Os livros religiosos em sua maioria e durante a história da humanidade pregaram violência em suas diversas formas e graus. Só que as religiões se modernizaram e apesar de não conseguirmos mudar o que foi escrito há milhares de anos, conseguimos nos tempos atuais, interpretar de forma proativa os ensinamentos antigos. Da mesma forma que usamos ainda hoje princípios das leis romanas, não colocamos ninguém na jaula dos leões do Jardim Zoológico para ser devorado na frente do grande e respeitável público.

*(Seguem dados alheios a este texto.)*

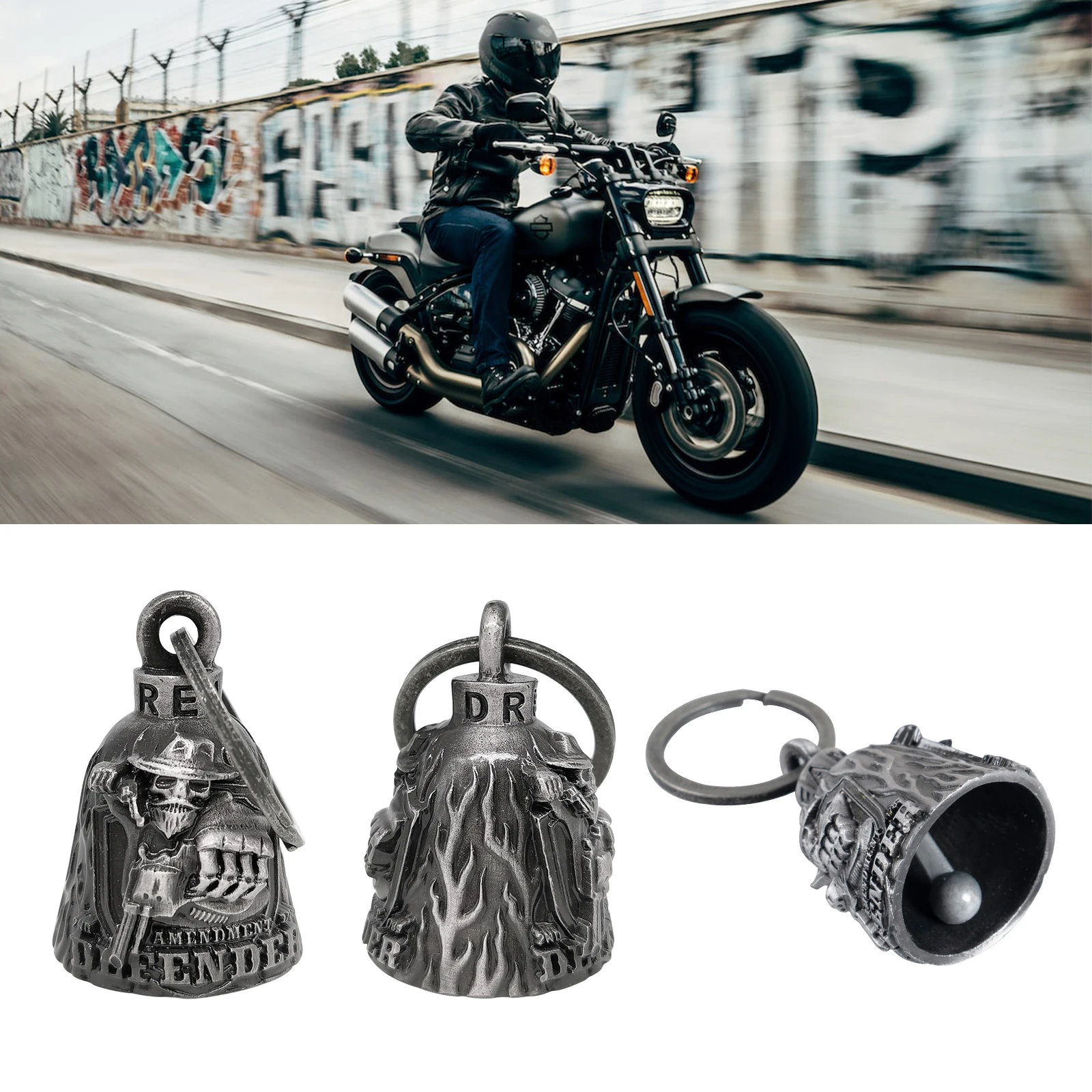Motorcycle Bell Guardian Angel Drive Away Gremlin, Words 3D Bell Biker Bell for Men Women Rider Riding, Good Luck Gift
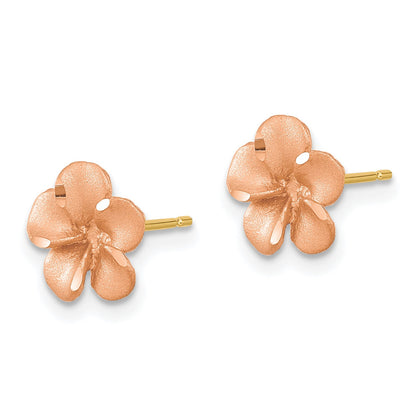 14k Rose Rhodium with Yellow Gold Post Satin Diamond-cut Plumeria Earrings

Portanto insisto. Numa sociedade laica, o combate ao fanatismo com suas pregações pragmáticas e tendenciosas, exercido por uma minoria ruim, é o ponto de partida para o respeito e a convivência pacífica. Fanáticos existem em todas os credos e interpretam da mesma forma idiota o que foi escrito há milhares de anos.
Generalizar uma determinada religião ou etnia só porque dela saem fanáticos violentos, é ser radical também. Temos fanáticos em todas as esferas do comprotamento religioso e que sáo igualmente pessoas ruins.
As interpretações devem ser trazidas à luz da evolução.
O fanatismo leva em conta apenas uma hipocrisia sem tamanho de não enxergar seletivamente que o mundo evoluiu. Seletivamente sim, porque os mandatários do poder se utilizam com frequência de toda a evolução científica e tecnológica disponível ao seu alcance. Tudo pelo poder.
E o poder não quer saber de religião. Quer saber de mandar. O mote religioso é só uma forma de controle rápido para mobilizar as massas.
E por mais que estejamos vendo isso, é difícil fazer com que todos enxerguem que esta violência toda não tem nenhum deus no meio… o que há é uma luta desenfreada por territórios, por poder e pelo prazer do uso da força como caminho mais curto, respaldado por religião - outro caminho encurtado.


Esta semana faz um mês de um dos atos mais bárbaros cometidos contra uma nação laica por extremistas radicais, fanáticos e “religiosos”.
Muito foi dito, pouco foi feito, e eu chego quase à conclusão de que é praticamente impossível deseducar uma população submetida ao fanatismo religioso, político ou qualquer que seja a sua fonte.
Os cortes na educação de um povo como vemos amplamente disseminados em nosso próprio país, são o ponto de partida para a manipulação das massas. Junte-se a isso a pregação religiosa tendenciosa e fanática e teremos então uma grande catástrofe social.
Não estou falando nenhuma novidade.
Só deixo aqui a minha indignação pelo rumo que a humanidade está tomando. Pelo choque de diferenças entre a evolução e o fanatismo arcaico usado de maneira tão vil, tão em ascenção ultimamente.


E a última pergunta: se Deus, nem Alah, nem nenhuma outra divindade estabeleceu regras a respeito do uso da internet, como saberemos que o Facebook não é pecado?
E se for?!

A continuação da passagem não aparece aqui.